▶ AIM OF THE EXERCISE: After locating the line that contains "Engineer assembles control panel" in the records below, write out exactly that line and each line after it through the one that contains "A young child", and nothing else.
%%
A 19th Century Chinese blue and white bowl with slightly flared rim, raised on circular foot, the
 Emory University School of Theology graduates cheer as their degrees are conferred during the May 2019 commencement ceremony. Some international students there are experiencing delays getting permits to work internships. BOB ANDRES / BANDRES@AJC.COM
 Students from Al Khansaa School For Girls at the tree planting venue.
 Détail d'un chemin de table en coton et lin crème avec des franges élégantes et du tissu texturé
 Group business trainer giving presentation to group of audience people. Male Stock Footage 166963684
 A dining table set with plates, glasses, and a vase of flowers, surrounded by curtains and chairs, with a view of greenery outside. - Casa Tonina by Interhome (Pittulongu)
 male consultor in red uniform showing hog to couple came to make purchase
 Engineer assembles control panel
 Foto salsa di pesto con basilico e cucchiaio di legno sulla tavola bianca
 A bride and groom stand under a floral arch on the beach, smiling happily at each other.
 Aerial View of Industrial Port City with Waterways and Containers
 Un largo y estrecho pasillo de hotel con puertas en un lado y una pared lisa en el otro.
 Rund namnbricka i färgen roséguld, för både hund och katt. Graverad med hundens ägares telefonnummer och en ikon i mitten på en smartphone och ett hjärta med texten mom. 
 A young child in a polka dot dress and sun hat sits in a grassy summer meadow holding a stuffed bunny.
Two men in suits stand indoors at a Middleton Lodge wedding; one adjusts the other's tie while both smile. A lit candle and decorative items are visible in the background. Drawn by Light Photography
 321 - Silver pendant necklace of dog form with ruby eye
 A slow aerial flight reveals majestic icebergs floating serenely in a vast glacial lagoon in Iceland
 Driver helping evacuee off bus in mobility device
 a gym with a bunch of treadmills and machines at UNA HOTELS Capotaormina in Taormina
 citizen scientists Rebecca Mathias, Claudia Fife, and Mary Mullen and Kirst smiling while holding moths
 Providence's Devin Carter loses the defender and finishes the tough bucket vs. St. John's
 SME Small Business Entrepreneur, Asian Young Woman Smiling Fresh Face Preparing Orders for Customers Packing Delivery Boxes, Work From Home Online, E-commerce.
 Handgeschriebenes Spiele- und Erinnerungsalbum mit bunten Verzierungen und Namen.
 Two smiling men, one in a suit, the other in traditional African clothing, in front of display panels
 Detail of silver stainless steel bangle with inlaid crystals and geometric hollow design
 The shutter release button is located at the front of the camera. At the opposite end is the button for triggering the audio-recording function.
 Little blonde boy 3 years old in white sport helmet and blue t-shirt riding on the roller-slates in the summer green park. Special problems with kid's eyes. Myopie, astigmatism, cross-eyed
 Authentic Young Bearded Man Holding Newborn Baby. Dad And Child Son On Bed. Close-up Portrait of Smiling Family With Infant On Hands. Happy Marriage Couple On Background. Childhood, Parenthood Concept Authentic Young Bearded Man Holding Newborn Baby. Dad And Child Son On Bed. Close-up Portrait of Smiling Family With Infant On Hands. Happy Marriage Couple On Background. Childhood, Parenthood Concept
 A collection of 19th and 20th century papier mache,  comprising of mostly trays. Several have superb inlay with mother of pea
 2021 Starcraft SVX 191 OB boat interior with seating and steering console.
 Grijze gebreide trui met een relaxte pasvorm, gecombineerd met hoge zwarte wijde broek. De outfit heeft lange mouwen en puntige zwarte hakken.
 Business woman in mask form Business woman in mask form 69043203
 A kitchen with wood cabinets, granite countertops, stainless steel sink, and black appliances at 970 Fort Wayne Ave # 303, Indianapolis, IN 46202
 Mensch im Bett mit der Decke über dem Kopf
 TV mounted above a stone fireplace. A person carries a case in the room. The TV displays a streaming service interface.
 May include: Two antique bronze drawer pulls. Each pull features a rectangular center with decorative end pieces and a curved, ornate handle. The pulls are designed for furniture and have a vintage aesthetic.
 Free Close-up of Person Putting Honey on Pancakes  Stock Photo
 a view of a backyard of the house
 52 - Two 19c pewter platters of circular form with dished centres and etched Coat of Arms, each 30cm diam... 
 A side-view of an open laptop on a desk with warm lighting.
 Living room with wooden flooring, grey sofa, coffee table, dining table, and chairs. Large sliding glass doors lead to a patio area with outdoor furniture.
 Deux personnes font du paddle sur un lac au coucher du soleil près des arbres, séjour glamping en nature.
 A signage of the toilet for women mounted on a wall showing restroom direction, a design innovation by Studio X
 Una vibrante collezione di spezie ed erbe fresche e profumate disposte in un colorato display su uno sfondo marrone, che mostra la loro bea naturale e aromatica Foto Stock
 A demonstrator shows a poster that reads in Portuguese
%%
▶ TASK OUTPUT:
 Engineer assembles control panel
 Foto salsa di pesto con basilico e cucchiaio di legno sulla tavola bianca
 A bride and groom stand under a floral arch on the beach, smiling happily at each other.
 Aerial View of Industrial Port City with Waterways and Containers
 Un largo y estrecho pasillo de hotel con puertas en un lado y una pared lisa en el otro.
 Rund namnbricka i färgen roséguld, för både hund och katt. Graverad med hundens ägares telefonnummer och en ikon i mitten på en smartphone och ett hjärta med texten mom. 
 A young child in a polka dot dress and sun hat sits in a grassy summer meadow holding a stuffed bunny.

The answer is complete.